## Problem description
Please copy out the entries below exactly, beginning with the line that contains "Duravit D-NEO 984x452" and ending with the line that contains "Amulette en laiton", and include nothing outside that span.

━━━ Data for analysis ━━━

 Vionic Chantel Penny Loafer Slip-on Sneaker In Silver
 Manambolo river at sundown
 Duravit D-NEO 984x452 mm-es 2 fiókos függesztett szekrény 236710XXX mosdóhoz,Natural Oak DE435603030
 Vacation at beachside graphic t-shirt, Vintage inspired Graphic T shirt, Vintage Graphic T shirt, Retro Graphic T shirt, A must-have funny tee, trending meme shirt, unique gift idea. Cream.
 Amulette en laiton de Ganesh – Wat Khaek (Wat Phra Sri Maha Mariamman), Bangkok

━━━
━━━ Data for analysis ━━━

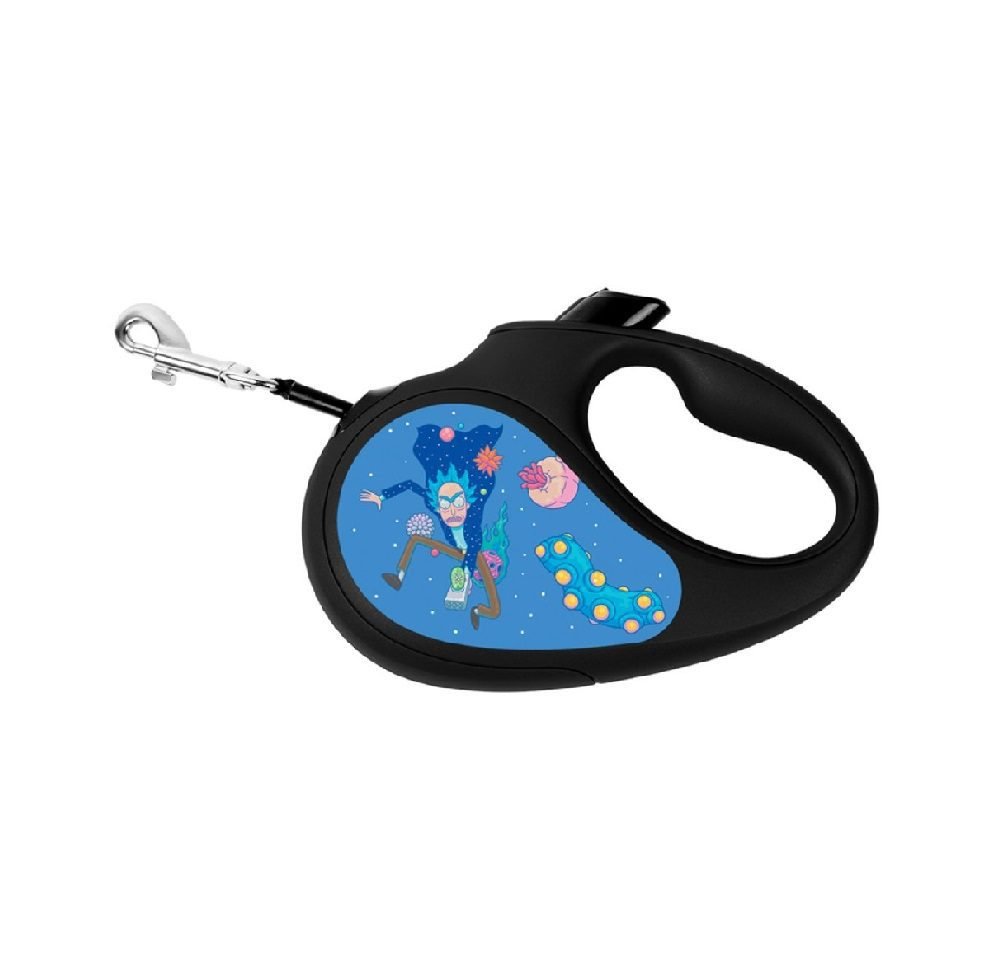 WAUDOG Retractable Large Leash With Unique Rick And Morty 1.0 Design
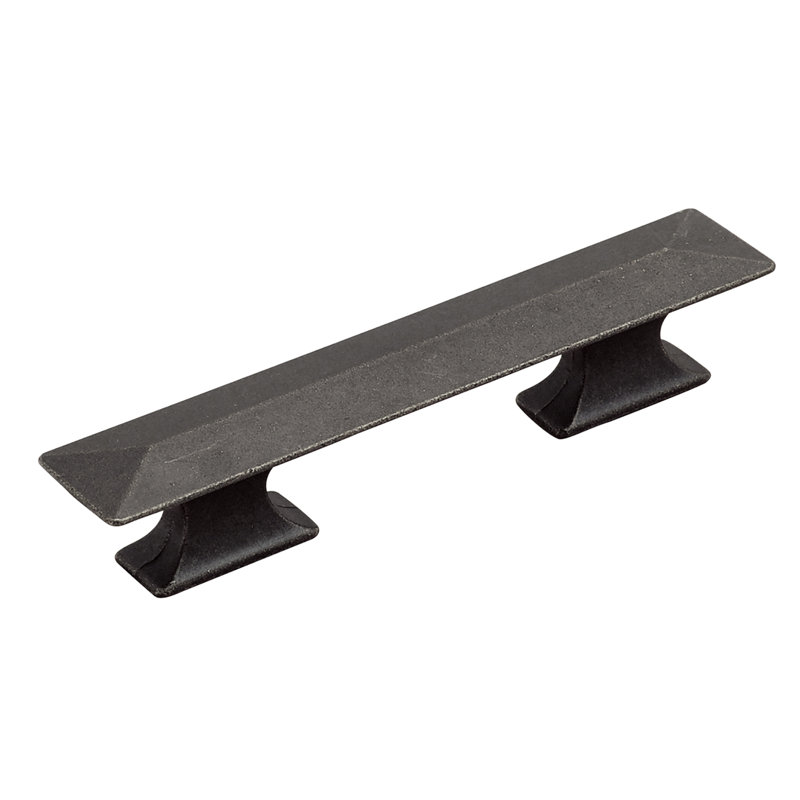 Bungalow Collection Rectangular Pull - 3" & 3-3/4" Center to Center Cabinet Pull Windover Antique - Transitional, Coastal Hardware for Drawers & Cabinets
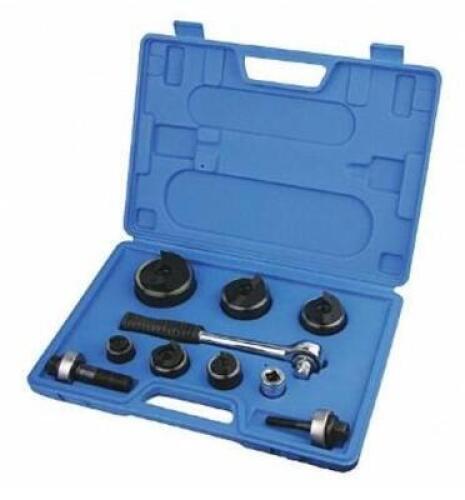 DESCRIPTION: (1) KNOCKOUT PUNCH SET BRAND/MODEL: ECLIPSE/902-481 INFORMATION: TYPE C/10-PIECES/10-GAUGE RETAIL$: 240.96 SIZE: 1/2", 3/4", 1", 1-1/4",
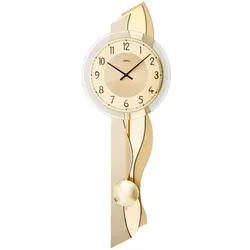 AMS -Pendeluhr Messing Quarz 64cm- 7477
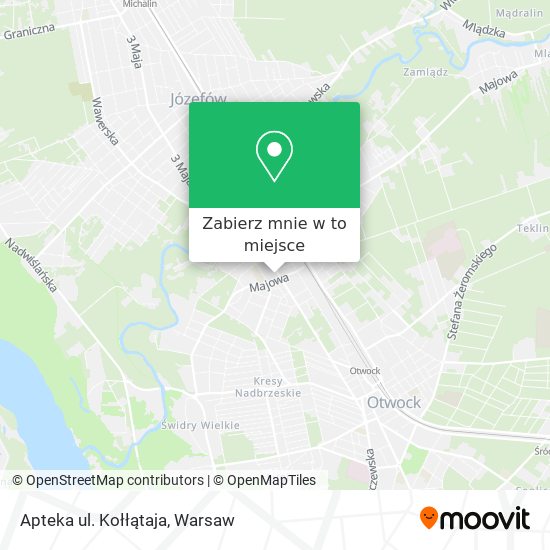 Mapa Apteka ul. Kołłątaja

━━━

## Exercise solution
 Duravit D-NEO 984x452 mm-es 2 fiókos függesztett szekrény 236710XXX mosdóhoz,Natural Oak DE435603030
 Vacation at beachside graphic t-shirt, Vintage inspired Graphic T shirt, Vintage Graphic T shirt, Retro Graphic T shirt, A must-have funny tee, trending meme shirt, unique gift idea. Cream.
 Amulette en laiton de Ganesh – Wat Khaek (Wat Phra Sri Maha Mariamman), Bangkok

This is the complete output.